Wraps a few open source models to transcribe, diarize and optionally tag a specific speaker.
Briefly,
-
Transcribe: Extract the audio from video (.mp4) files and convert the audio to text (speed-to-text).
-
Diarize: Adds speaker tags to the transcript for multiple speakers. The speaker tags are generic markers, e.g. SPEAKER_01, SPEAKER_02, etc.
-
Speaker Identification: Replaces the generic speaker tag with a configured speaker name using available audio sample embeddings of the speaker.
- Fast Transcriber - transcription and diarization
- Pyannote - audio embedding model for speaker identification
An F# windows service that exposes a SignalR connection to process transcription requests. The service queues incoming 'jobs' and processes them serially. The client is notified when the job is done.

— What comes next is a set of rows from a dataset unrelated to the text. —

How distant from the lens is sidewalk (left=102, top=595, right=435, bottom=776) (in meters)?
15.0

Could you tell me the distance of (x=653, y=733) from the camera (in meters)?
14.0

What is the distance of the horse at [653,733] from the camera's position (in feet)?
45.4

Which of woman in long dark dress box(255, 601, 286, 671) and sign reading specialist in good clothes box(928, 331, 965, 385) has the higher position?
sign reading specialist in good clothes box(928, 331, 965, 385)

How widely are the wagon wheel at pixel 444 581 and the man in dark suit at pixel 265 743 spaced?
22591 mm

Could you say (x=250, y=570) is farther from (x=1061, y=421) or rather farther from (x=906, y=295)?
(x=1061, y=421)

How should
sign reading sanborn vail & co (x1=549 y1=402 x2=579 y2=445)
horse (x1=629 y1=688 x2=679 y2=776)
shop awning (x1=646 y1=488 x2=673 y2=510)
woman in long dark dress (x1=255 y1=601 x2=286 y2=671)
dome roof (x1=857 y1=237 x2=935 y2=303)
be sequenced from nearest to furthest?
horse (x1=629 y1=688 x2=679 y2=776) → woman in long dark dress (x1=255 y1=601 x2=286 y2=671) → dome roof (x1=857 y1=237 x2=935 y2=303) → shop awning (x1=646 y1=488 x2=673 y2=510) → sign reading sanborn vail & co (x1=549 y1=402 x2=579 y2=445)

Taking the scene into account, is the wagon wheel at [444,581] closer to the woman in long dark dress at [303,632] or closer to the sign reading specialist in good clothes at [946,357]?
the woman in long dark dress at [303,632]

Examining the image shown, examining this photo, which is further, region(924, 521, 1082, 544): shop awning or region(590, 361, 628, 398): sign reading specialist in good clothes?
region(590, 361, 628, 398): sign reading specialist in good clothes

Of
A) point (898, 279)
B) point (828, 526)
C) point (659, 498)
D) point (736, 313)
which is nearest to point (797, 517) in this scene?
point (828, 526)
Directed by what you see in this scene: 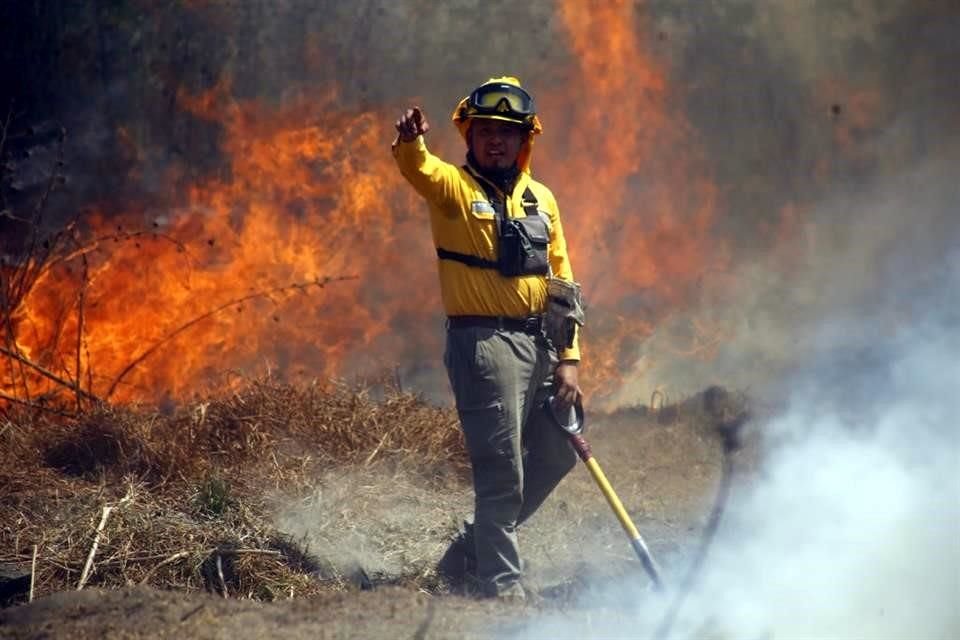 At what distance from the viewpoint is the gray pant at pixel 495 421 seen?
5.65 meters

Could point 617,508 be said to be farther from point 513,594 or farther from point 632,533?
point 513,594

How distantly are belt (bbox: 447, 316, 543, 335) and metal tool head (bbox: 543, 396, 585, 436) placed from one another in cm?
41

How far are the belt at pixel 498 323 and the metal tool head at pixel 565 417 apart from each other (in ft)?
1.35

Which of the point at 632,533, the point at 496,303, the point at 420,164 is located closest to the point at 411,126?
the point at 420,164

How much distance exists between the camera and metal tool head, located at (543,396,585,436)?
596cm

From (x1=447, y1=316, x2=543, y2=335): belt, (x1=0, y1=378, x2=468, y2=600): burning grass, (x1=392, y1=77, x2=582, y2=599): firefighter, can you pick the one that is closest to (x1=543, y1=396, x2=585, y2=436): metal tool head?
(x1=392, y1=77, x2=582, y2=599): firefighter

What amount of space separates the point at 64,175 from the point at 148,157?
69 centimetres

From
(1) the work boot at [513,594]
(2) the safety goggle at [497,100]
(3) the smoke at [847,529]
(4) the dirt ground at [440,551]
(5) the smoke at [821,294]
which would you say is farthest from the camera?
(5) the smoke at [821,294]

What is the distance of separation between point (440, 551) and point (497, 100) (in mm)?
2682

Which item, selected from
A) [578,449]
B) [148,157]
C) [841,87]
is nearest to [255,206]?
[148,157]

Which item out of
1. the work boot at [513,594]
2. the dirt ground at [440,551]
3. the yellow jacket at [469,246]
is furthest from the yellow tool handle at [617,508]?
the yellow jacket at [469,246]

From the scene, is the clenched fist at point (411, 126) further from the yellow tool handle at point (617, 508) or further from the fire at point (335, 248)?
the fire at point (335, 248)

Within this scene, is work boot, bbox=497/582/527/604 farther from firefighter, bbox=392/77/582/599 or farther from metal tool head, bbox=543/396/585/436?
metal tool head, bbox=543/396/585/436

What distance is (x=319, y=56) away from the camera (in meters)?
9.70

Transcription, diarizaton and speaker identification are compute intensive and so the service is meant to run on a GPU-enabled machine. The intent is to increase the utilization of the GPU infrastructure by making it more easily shareable.
An F# GUI application to submit jobs to the service. The client uploads the .mp4 files to the service and triggers the processing. When server processing is complete, the client downloads the transcript (.vtt) files.
Client UI - built with Avalnoia FuncUI
The client uses SSH protocol for secure data exchange. And uploaded files are deleted by the service after the job is complete.
Contains core logic for transcription and diarization. Also contains the script ExtractSpeakerEmbeddings.fsx that can be used to extract the audio embeddings for speaker identification.
Common definitions shared between client and server
Older project that contains batch scripts that were used to develop and refine the transcription processing.
The TranscriptionClient is meant to connect to the remote service (running on a GPU box) via SSH and SCP. The SSH connection, with port forwarding, is used for SignalR. SCP protocol is used for upload/download.
The user id and password required for an SSH/SCP connection are stored in appsettings.json. For this reason appsettings.json is excluded from the repo. Instead appsettings.json.template is provided that contains the 'schema' of the settings. Copy the template file to appsettings.json and configure it appropriately for your setup.